Etihad Etisalat (Mobily) slumped 4.2 percent after the Saudi telecommun­ications operator swung to a net profit of 18.8 million riyals ($5 million) in the second quarter, from a loss of 901 million riyals in the prior-year period, but fell short of estimates by analysts polled by Reuters who forecast a quarterly profit of 52.5 million riyals.

Constructi­on firm Abdullah Abdul Mohsin al-Khodari and Sons tumbled 3.1 percent after it reported a worse-than-forecast net loss of 43.34 million riyals in the second quarter due to a slowdown in the kingdom’s building sector.

Most petrochemi­cal shares fell as Brent oil futures flirted with $44 a barrel, hitting a fresh 11-week low.

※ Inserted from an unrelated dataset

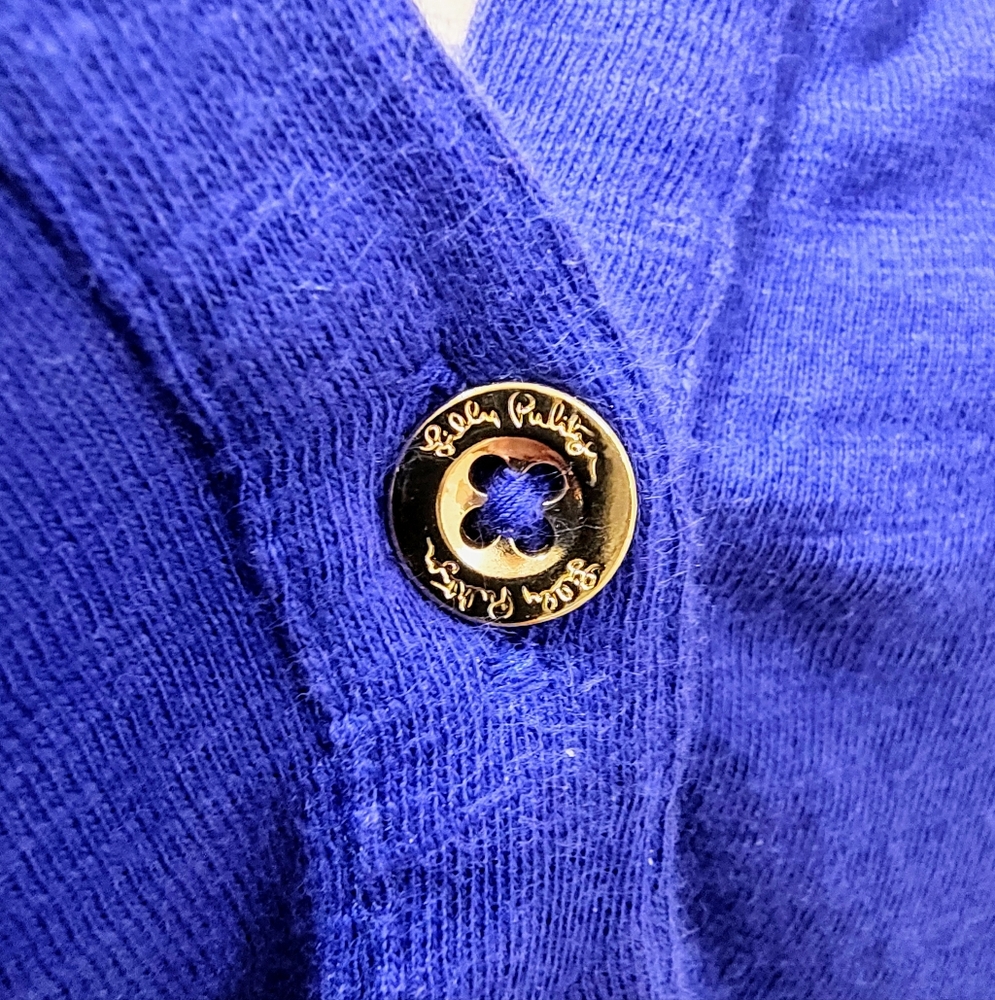 Lilly Pulitzer Esse Royal Blue Sleeveless Midi Shift Dress w/ Button Detail in M - Picture 7 of 10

National Industrial­ization Co (Tasnee) fell 1.5 percent to close at 13.55 riyals after hitting a session high of 14.05 riyals. The firm posted a quarterly net profit of 104 million riyals, beating analysts’ forecasts for a net loss of 1.2 million riyals and ending a run of five straight losses, although sales fell.

“Despite the 2Q16 positive surprise, operationa­l issues at new facilities, a weak titanium dioxide outlook and high debt levels are key risks,” Riyadhbase­d NCB Capital, which has a “neutral” rating on the stock with a price target of 12.00 riyals, said in a note.

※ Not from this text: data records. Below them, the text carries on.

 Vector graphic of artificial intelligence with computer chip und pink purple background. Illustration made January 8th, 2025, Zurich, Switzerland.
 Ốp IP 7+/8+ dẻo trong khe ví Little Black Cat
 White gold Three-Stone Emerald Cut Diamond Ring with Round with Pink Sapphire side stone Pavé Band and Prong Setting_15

But the insurance sector was bullish after a string of quarterly results spurred interest. Saudi Indian Company for Cooperativ­e Insurance surged 3.3 percent after reporting a 774 percent jump in second-quarter profit before zakat (tax) to 4.48 million riyals on rising revenues.

Dubai’s index slipped 0.4 percent as Dubai Financial Market dropped 2.2 percent after the Gulf’s only listed bourse reported a 60 percent fall in second-quarter net profit to 53.5 million dirhams ($15 million). DFM said the value of shares traded on the market in the first six months of 2016 shrank 32.7 percent year-on-year.

But logistics company Aramex jumped 5.5 percent in unusually heavy trade. After the market closed, Bloomberg reported, citing unnamed sources, that founder Fadi Ghandour had sold his entire 9.9 percent stake in the firm to Gulf investors including Emaar Properties chairman Mohamed Alabbar.

In neighbouri­ng Abu Dhabi, the index slipped as the largest listed bank by market value, First Gulf Bank, lost 2.4 percent.

Tariq Qaqish, head of asset management at Dubai-based Al Mal Capital, said low volumes and profit-taking were the main reasons for the dip in United Arab Emirates stock markets.

Kuwait’s main index climbed 1.6 percent on the back of a few secondand third-tier stocks such as National Consumer Holding Co, up 220 percent in very thin trade. The Kuwait 15 index, which represents only the largest and most liquid stocks, edged down 0.03 percent.

Egypt’s main index edged up 0.3 percent as non-Egyptian investors accumulate­d shares, while local traders cashed-out, bourse data showed.

Orascom Telecom, the most heavily traded stock on the bourse, climbed 1.9 percent. Real estate investment firm Porto Group Holding jumped 3.9 percent.

Saudi Arabia

The index fell 0.7 percent to 6,471 points.

Dubai

The index dropped 0.4 percent to 3,540 points.

Abu Dhabi

The index fell 0.5 percent to 4,592 points.

Egypt

The index added 0.3 percent to 7,540 points.

Qatar

The index lost 0.2 percent to 10,538 points.

Kuwait

The index climbed 1.6 percent to 5,484 points.

Oman

The index edged down 0.03 percent to 5,810 points.

Bahrain

The index rose 0.4 percent to 1,160 points.